Hilmar and Leprino built 8-million-pound-a-day cheese plants right over the thinnest Ogallala water — and the lenders financing the dairies that fill those tankers are already pricing the decline.
Executive Summary: Southwest Kansas lost 1.52 feet of Ogallala water in 2024, its steepest single-year drop yet, and a 2025 University of Tennessee–USDA study found that every 14 feet the aquifer falls lines up with a 26% jump in production-loan delinquencies. That turns your section map into a credit document. Meanwhile, dairy committed about $1.6 billion to new cheese plants in Texas, Kansas, and the I-29 corridor — and the herds filling those plants sit right on the fastest-failing parts of the aquifer. One University of Texas projection has up to 70% of the Texas Panhandle’s section unusable within roughly 20 years, well inside the life of a barn note signed today. The 30-minute move that beats your banker to the math: pull your groundwater district’s section-level report and find out whether you’re in sustainable, extended, or managed-depletion territory before your next renewal.

The Ogallala Aquifer underlies parts of Colorado, Kansas, Nebraska, New Mexico, Oklahoma, South Dakota, Texas, and Wyoming. From wheat and cows to corn and cotton, the regional economy depends almost exclusively on agriculture irrigated by Ogallala groundwater. But according to the Fourth National Climate Assessment (NCA4), producers are extracting water faster than it is being replenished, which means that parts of the Ogallala Aquifer should be considered a nonrenewable resource.
A-Tex Dairy in the Texas Panhandle did something that tells you exactly where dairy is headed: it cut corn acres. The operation grows fewer acres of corn now and leans harder on drought-hardier crops like sorghum and wheat, because it was responding directly to water shortages. “Double cropping” is how they describe stretching the same ground further on less water. That’s not a conservation gesture. That’s an operator reading the well and adjusting before the well forces the issue.

Here’s why it matters to you, wherever you milk. The Ogallala Aquifer is one of the largest underground stores of freshwater in the nation, and it’s dropping fast in exactly the places where dairy has expanded hardest. In the groundwater area covering southwest Kansas, levels fell 1.52 feet in 2024 — a bigger drop than the 1.43-foot decline the year before.

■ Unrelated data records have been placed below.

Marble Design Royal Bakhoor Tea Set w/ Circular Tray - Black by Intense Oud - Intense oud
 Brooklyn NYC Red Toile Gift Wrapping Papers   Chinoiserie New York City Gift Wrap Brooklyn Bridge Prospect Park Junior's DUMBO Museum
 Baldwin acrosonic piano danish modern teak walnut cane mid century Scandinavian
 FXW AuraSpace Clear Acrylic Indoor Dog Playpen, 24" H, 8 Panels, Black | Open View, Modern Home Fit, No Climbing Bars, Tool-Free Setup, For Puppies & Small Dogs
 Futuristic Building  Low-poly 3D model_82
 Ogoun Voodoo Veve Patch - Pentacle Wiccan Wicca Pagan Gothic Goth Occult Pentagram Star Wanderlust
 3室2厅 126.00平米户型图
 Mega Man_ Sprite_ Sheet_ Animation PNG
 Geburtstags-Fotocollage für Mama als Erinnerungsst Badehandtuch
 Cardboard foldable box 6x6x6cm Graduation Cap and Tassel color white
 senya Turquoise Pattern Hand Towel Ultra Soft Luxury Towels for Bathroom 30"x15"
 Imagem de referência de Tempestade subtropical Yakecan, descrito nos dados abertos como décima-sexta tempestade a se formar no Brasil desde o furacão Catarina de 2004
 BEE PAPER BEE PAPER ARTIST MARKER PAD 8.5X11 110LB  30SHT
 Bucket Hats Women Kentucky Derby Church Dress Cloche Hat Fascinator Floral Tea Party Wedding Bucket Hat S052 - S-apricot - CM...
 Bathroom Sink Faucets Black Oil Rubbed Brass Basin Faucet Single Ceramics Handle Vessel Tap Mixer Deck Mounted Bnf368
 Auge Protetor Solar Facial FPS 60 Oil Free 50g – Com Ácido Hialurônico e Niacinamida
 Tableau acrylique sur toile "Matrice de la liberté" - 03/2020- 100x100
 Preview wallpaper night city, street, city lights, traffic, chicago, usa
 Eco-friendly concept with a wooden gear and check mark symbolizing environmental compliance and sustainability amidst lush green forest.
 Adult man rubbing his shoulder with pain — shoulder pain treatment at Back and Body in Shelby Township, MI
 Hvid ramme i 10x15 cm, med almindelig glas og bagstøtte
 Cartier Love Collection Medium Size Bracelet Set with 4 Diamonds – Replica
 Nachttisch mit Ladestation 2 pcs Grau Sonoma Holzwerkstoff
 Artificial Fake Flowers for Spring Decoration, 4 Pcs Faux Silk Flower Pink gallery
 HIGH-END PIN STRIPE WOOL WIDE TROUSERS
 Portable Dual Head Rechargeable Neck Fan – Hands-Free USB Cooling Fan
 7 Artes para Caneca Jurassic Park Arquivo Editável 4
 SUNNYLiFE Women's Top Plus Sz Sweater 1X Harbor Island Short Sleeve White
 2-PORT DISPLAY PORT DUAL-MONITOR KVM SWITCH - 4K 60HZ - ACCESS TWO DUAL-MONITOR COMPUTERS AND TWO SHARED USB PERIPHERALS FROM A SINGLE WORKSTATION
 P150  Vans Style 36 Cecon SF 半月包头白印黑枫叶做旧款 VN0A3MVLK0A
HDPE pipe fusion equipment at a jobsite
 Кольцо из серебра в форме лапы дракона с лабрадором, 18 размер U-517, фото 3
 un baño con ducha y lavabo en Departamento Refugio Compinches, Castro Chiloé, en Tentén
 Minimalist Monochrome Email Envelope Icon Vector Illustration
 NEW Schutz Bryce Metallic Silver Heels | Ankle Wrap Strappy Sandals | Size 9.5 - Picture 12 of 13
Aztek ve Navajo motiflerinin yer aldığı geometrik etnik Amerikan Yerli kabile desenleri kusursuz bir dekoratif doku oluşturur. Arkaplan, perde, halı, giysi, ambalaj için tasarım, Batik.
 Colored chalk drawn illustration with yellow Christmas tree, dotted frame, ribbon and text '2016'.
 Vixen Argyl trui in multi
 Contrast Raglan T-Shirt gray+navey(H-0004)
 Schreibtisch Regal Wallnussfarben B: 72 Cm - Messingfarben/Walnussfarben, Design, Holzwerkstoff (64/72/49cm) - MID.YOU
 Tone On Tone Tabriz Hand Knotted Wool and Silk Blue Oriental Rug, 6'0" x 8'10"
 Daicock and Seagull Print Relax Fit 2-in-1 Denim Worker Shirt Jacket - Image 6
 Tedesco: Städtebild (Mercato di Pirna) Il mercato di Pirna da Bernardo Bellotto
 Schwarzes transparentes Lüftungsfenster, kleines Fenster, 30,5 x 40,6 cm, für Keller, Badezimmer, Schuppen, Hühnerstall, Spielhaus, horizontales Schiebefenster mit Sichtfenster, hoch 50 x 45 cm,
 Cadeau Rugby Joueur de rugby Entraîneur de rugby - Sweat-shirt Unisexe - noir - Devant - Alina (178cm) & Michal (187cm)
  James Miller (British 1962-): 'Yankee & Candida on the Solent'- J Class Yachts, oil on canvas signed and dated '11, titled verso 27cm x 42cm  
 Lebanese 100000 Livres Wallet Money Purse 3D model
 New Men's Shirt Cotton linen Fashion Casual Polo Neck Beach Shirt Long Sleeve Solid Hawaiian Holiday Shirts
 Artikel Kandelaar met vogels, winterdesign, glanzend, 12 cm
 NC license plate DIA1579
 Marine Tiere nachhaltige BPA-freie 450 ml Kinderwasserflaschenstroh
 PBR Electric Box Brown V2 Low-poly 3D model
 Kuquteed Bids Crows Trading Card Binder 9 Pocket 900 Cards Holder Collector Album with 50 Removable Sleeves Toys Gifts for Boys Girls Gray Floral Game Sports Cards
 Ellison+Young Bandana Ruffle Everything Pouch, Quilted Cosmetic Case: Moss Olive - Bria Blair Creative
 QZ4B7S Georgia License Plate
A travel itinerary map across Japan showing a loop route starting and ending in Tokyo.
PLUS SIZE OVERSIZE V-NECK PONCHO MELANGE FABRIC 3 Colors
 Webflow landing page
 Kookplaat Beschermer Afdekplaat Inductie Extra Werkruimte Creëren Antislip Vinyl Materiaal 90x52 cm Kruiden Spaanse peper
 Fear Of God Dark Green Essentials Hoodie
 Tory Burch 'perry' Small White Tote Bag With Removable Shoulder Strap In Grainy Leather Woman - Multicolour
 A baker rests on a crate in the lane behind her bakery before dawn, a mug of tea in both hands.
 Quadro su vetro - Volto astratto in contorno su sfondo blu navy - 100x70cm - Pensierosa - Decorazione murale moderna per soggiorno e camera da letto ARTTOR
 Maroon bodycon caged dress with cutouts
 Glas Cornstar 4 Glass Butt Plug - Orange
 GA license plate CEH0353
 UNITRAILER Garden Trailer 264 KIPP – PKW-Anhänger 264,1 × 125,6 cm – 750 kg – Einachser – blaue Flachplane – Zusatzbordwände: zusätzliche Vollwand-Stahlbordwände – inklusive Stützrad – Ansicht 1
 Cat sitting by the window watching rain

And a 2025 study presented at the AAEA & WAEA Joint Annual Meeting found that as the aquifer thins, farm loan delinquencies climb, so the people who finance dairies have real reason to treat that decline as a credit risk, not an environmental footnote. When your banker starts pricing your water, the Ogallala stops being a someday problem. It’s a balance-sheet problem.

What’s Actually Changing
The Ogallala supplies the western third of Kansas and supports roughly a fifth of the nation’s agricultural output, providing close to a third of the groundwater used for irrigation in the U.S. For decades, irrigators have drawn water out faster than rain puts it back. Recharge across much of the region runs about an inch a year. The declines get measured in feet.
The 2024 numbers from the Kansas Geological Survey are blunt. Southwest Kansas, down 1.52 feet. Northwest Kansas, down 1.34 feet — a far steeper slide than the 0.47-foot drop the year before. Across the line, the University of Nebraska-Lincoln’s statewide monitoring report shows groundwater levels fell again in 2025, down an average of 0.29 feet after several years of drought, with the steepest, most stubborn declines landing in the state’s heavily irrigated stretches. Governor Laura Kelly said it without softening it: “Forget making it 75 years down the road — some parts of western Kansas don’t have groundwater enough to last another 25 years.”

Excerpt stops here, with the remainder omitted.